The standard answer for someone who had that ST elevation recorded (Question 1), as in this case, is to go to the cath lab.  Here is what can happens if you make the mistake I did and do not activate the cath lab.

The standard answer for Question 2 would be "No", but I would argue strongly that it is very high risk and it requires maximum antiplatelet and antithrombotic therapy and continuous 12-lead ST segment monitoring.  One cannot depend on symptoms to guide the recording of subsequent ECGs, and I will show an example of this in the next post.


  1. Great case Dr. Smith...
    I have a few questions:

    Regarding the "standard answer" for question 2 being no... If wellens means the artery was previously occluded and reperfused, who is to say it could or would not re-occlude at any second? Because of the implication of at least transient occlusion, I do not understand the "lack of urgency" of the standard answer.

    Regarding the obliteration of the S wave in STEMI.. Is there any other entity to your knowledge that also obliterate the S wave? Or is the reason that terminal QRS distortion virtually assures STEMI because mimics preserve the S wave?

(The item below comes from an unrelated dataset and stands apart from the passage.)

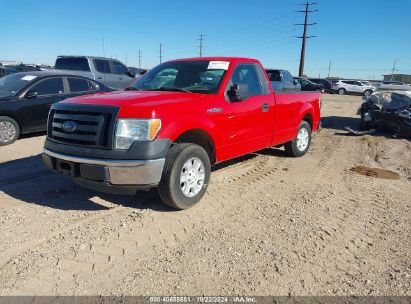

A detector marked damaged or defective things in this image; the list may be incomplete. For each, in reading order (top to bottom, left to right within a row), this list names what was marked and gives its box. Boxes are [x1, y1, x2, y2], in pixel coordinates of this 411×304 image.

damaged car [348, 90, 411, 138]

    Lastly, I've often seen in wellens' a "return" of the obliterated S wave in addition to the T wave inversion. Is this a feature of Wellens, or is it not consistent in your view?

    Thank you as always!
    Dave B

    1. Dave,
      1. I don't know that it is widespread knowledge, partly because I don't have definitive proof) that Wellens' is the aftermath of occlusion. Furthermore, the artery is open, and as long as you are treating with maximal medical therapy and monitoring for reocclusion with continuous ST segment monitoring, then you're probably ok to wait until daytime hours to do the cath.
      2. I don't know of anything else that obliterates the S-wave. It is not well studied so is not completely understood.
      3. If a STEMI with Terminal QRS distortion has early reperfusion, I would expect that S-wave to reconstitute. Again, little solid data on this.

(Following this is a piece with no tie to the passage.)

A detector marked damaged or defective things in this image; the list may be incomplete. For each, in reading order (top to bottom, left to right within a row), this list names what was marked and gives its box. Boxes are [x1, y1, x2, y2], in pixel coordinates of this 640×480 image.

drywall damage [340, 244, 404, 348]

      Thanks for the great questions.


  2. Dear Dr. Smith, thank you very much for these really informative cases, from which I learn a lot.

    I agree wholeheartedly with your statement regarding development of a Wellens pattern. Yes, I did see several patients in whom a full Wellens pattern emerged just after succesful stenting of their LAD lesions.

    Still, I am not able to explain the near-normal pattern in the interim ECG, ie, the one before the Wellens one.


    1. First, Wellens' pattern occurs in about 60% of reperfusion cases in the studies I mentioned. It is not universal. This may be partly due to the timing of the ECGs in these studies. There may always or often be an intermediate stage of simple ST resolution. We know that ST resolution alone is a common finding of reperfusion. But ECGs are not recorded at 5 minute intervals on everyone! In order to know what happens, and it may be very different in different case, there would need to be continuous serial ECGs.